Unfortunately, both methods still have some limits when utilizing them in real applications. Firstly, in real data sharing system (like 4shared.com and mymedwall.com), data owner cannot determine which outsourced data files will be downloaded by which data users (even the users’ attributes) before outsourcing. So the solutions based on the first method like IBE, PRE, and ABE are not feasible anymore, because they need the owner to possess the specific information of users for each data file. Secondly, under the “Paid Data Sharing” model, it is unreasonable to make owner give all the decryption keys to the authorized users in system initialization phase.
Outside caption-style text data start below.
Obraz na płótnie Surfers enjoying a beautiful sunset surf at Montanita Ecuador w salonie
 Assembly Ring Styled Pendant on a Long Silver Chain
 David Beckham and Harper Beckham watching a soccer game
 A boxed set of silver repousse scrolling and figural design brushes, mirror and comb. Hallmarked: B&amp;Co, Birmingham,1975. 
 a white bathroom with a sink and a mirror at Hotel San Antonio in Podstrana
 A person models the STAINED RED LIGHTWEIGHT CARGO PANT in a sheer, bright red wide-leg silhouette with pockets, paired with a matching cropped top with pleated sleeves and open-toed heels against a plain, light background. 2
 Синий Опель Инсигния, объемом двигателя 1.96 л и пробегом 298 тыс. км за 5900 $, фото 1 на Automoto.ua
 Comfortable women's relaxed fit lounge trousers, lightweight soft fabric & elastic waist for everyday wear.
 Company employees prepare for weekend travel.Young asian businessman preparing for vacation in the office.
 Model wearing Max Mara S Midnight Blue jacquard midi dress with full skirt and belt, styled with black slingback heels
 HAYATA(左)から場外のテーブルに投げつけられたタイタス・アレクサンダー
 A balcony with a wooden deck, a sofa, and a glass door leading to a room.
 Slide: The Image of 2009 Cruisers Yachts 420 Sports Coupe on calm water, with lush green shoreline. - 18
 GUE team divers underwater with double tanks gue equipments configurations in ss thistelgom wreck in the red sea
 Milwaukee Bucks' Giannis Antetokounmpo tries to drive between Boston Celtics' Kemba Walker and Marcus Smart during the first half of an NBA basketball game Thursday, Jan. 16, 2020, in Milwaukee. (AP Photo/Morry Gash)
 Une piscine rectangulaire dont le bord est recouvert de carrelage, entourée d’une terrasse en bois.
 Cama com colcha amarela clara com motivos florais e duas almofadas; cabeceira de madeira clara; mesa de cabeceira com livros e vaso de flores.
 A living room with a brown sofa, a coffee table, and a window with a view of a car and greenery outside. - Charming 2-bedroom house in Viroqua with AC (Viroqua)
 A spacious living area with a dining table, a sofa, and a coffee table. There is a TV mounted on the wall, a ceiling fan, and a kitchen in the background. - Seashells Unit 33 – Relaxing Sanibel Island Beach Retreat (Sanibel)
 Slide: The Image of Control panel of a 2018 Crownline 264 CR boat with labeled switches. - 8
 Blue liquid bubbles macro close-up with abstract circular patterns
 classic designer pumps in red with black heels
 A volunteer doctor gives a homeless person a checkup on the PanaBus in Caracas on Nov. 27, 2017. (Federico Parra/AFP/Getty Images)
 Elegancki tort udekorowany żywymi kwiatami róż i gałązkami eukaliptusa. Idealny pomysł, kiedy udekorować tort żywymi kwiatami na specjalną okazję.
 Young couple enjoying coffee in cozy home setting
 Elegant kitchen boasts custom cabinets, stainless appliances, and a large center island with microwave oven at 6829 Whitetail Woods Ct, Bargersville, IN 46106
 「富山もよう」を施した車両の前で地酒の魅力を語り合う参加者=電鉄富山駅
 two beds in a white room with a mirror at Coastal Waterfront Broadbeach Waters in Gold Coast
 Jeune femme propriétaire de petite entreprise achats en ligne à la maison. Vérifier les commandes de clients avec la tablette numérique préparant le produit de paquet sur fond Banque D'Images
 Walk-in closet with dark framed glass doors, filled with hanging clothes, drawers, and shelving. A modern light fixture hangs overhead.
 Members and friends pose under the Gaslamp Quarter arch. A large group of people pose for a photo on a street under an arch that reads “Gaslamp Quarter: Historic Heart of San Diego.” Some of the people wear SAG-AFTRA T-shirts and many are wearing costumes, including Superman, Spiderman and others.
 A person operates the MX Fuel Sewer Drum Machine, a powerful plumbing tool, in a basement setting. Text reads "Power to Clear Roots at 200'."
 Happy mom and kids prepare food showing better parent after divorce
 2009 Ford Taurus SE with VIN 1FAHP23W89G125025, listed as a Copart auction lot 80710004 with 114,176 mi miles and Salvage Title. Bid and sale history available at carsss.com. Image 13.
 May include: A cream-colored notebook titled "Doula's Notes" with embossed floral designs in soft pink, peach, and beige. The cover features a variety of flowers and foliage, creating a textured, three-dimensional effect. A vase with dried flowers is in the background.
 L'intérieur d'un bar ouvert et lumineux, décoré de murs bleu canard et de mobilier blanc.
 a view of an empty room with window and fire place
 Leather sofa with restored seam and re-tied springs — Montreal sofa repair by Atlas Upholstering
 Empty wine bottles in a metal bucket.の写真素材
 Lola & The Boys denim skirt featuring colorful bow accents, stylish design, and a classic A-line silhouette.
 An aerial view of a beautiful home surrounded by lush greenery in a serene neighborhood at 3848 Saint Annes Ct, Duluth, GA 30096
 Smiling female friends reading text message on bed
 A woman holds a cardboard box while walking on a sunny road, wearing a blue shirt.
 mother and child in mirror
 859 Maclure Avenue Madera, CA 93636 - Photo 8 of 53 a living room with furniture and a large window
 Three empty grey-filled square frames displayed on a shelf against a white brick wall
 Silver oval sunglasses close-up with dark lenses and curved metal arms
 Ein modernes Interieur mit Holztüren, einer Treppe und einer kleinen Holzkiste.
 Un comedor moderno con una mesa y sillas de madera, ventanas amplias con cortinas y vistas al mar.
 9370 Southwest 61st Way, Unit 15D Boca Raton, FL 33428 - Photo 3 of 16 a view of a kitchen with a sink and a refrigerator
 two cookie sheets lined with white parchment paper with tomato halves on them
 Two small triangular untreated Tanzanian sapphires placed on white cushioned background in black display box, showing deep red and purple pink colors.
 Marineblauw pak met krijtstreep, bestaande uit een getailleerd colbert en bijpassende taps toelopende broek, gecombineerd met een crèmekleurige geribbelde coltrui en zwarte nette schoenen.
That is to say, if we follow the second method, the owner has to remain online all the time for users instantly obtaining corresponding decryption key(s). However, in reality, it is common that the data owner is the individual or resource-limited enterprises that find it difficult to always remain online.

Aside from the two limits we mentioned above, in “Paid Data Sharing” scenario, it is significantly important to correctly record the details of each data exchange transaction (called “bill”), which is directly related to the benefits of owner. An alternative solution to address all these problems is to import a trusted third party (TTP) in the system; the TTP is responsible for storing and distributing the encryption keys to authorized users and maintaining the bills simultaneously. Obviously, there is no doubt that data confidentiality and bill correctness are both well guaranteed by TTP, even if the owner is completely offline. But the security of such solution relies wholly on the TTP; once the TTP is broken, all plaintext form of data will be leaked. Besides, it is not easy to find a trusted entity as TTP in practical network environment. The similar views have been early proposed in many previous works, such as the key escrow problem in ABE schemes: the security of these schemes depends majorly on the key authority (like our TTP), which will make the confidentiality of outsourced data at a potential security risk [12, 16]. From the above, it is necessary to design a flexible and secure data sharing scheme in “Paid Data Sharing” scenario, which supports offline data owner without TTP.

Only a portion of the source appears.